The Supreme Court Thursday ruled 9-0 that the EPA went too far with its enforcement of the Clean Water Act. Micheal Clements tells us the ruling could have a major impact on the Waters of the U.S. Rule.
Clements: The Supreme Court released its opinion on the Sackett v. EPA case, limiting the scope of the Clean Water Act. Travis Cushman, American Farm Bureau Federation Deputy General Counsel, says the ruling confirms that the EPA clearly overstepped its authority under the Clean Water Act.
Cushman: The court unanimously ruled in favor of the Sackett family. This is a huge, huge win. Essentially, the EPA and the US Army Corps definition of WOTUS, the court found to be just wildly unlawful, not even close to what it should look like.
Clements: Cushman says the Supreme Court decision brings more clarity to the rule for farmers and ranchers.
Cushman: The interpretation the Supreme Court adopted was the same one that we've been advocating for. Basically, it means that farms and ranches should now be able to have much greater clarity on where jurisdiction begins and ends, what features in their lands are safe to farm on. Beforehand, the EPA could essentially claim jurisdiction over almost anything, and now that ability of the EPA is much, much, more limited to things that the Clean Water Act actually contemplates as waters.

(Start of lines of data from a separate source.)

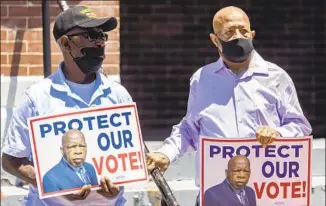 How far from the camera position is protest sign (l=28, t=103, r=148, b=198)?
12.8ft

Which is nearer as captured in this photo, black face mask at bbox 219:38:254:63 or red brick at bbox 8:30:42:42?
black face mask at bbox 219:38:254:63

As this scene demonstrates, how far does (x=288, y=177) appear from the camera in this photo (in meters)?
4.23

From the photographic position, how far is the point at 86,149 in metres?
3.96

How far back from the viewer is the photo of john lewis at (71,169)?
12.7ft

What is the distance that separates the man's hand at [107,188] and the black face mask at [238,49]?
0.93 m

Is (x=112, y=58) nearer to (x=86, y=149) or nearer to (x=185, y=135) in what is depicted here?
(x=185, y=135)

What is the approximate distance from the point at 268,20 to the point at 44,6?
9.61ft

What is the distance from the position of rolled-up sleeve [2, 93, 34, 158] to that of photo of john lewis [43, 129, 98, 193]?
0.58 ft

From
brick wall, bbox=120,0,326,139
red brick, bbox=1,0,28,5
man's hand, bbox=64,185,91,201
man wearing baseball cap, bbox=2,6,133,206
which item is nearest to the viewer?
man's hand, bbox=64,185,91,201

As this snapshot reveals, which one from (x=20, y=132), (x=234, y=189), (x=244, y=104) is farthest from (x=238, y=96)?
(x=20, y=132)

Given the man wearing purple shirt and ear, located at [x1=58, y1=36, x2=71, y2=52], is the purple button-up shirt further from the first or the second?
ear, located at [x1=58, y1=36, x2=71, y2=52]

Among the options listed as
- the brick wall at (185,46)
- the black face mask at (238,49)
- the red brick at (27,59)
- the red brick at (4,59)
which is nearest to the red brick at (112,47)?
the red brick at (27,59)

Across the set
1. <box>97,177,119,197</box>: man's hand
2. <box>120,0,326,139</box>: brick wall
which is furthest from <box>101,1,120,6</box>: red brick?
<box>97,177,119,197</box>: man's hand

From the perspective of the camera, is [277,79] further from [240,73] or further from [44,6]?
[44,6] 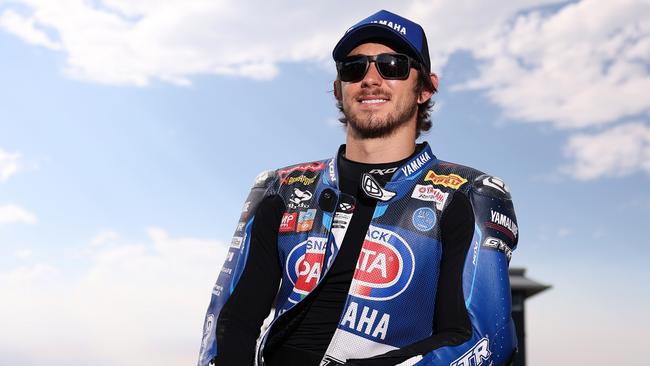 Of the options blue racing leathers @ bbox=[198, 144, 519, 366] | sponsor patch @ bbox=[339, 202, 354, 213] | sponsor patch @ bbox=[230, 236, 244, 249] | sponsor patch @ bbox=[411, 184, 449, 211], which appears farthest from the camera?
sponsor patch @ bbox=[230, 236, 244, 249]

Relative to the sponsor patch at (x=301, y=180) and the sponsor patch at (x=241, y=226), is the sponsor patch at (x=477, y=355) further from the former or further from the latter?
the sponsor patch at (x=241, y=226)

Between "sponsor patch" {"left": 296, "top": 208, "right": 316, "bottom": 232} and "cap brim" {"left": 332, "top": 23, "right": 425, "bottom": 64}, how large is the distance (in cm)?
94

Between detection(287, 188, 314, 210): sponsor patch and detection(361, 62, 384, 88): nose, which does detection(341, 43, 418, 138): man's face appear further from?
detection(287, 188, 314, 210): sponsor patch

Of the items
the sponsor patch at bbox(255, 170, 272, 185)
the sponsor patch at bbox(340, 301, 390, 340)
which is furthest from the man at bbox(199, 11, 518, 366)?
the sponsor patch at bbox(255, 170, 272, 185)

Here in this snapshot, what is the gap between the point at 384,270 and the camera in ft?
11.5

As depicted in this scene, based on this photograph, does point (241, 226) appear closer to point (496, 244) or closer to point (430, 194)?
point (430, 194)

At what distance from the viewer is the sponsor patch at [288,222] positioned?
3882 mm

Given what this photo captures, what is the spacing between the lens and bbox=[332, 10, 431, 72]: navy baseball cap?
12.8 ft

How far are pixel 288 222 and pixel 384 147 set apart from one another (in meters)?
0.71

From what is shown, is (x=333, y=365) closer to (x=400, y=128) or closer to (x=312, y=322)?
(x=312, y=322)

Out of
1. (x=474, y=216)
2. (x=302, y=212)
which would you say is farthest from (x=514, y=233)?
(x=302, y=212)

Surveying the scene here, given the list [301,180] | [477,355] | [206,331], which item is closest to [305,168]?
[301,180]

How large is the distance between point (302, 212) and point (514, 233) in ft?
3.93

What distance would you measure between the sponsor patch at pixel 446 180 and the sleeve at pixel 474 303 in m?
0.13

Clements: Cushman says the ruling does not vacate the 2023 WOTUS Rule, but practically that rule is now gutted.
Cushman: It does not directly impact the current rule explicitly, except the court does talk about the current rule. It says the current rule would not withstand judicial scrutiny, it would be unlawful so the current rule remains in the book. But practically speaking, EPA, the U.S. Army Corps can't be implementing it anywhere, and the EPA will need to go back we write a new rule. Right now, AFBF is suing the EPA and the Corps over this current rule, so hopefully those cases will now be very easy for us to win.